1945(昭和20)年12月15日、GHQから「神道指令」が発令され、軍国主義・超国家主義の解体へと向かった。「神道指令」は、さまざまな規制や禁止事項を日本政府に命じました。

具体的には、、、

(1)国や地方公共団体、公務員などが、神道を保護することの禁止
(2)神社ならびに神道に対する公的機関の経済的援助の禁止
(3)公立機関の教育機関が、神道の教義を広めることの禁止
(4)神祇院の廃止
(5)『国体の本義』『臣民の道』の配布禁止
(6)「大東亜戦争」「八紘一宇」などの国家神道・軍国主義を連想させる言葉を公文書で使用することの禁止
(7)国公立の学校、あるいはその職場に神棚を設置することの禁止
(8)公務員や一般市民、学生などが公の資格で神社や神道儀式に参拝することの禁止

神道系大学の処分


1882(明治15)年、久邇宮朝彦親王(くにのみや あさひこしんのう・1824〜1891)の命旨によって設立された三重県伊勢の神宮皇學館大学。建学精神を「皇国ノ道義ヲ講ジ、皇国ノ文学ヲ修メ、之ヲ実際ニ運用セシメ、以テ倫常ヲ厚ウシ、文明ヲ補ハントスルニ在リ」と掲げていた。

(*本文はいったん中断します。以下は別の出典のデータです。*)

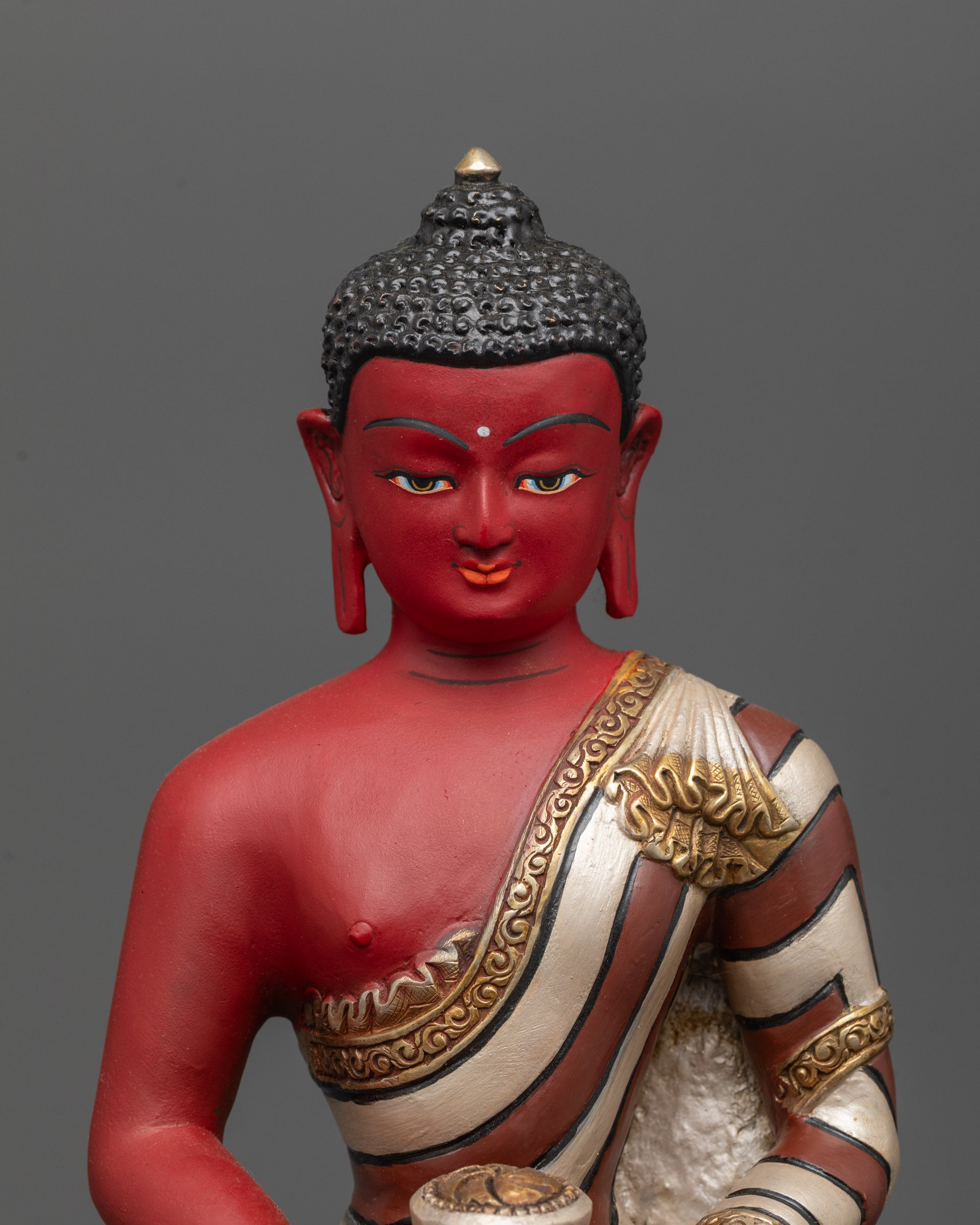 Close up of Red Amitabha Buddha Statue showing intricate carvings and gold-plated robe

GHQは、神宮皇學館大学の存在を見過ごすことはできない。神道の研究調査、皇学研究、神官の養成を目的とする官立の神宮皇學館大学は、「神道指令」で禁止した「神道教育を目的とする教育機関を国の費用で経営すること」に抵触したからです。

1946(昭和21)年3月31日をもって、神宮皇學館大學は63年間の歴史に幕を閉じた。1962(昭和37)年4月、首相を務めた吉田茂(1878〜1967)が神宮皇學館大学の総長となって再建します。

国体の講明


神宮皇學館大学と双璧をなし、「国体の講明」を建学の精神としている國學院大學も、「国体」という言葉に敏感なGHQからすれば当然調査の対象でした。

1945(昭和20)年12月3日から翌年5月14日まで5回にわたって、GHQ係官が授業内容を調査。國學院大學は私立大学なので廃校の危機からは免れたが、佐佐木行忠学長、河野省三前学長が追放。神道関係の教授では、小野祖教、岸本芳雄などが教職追放された。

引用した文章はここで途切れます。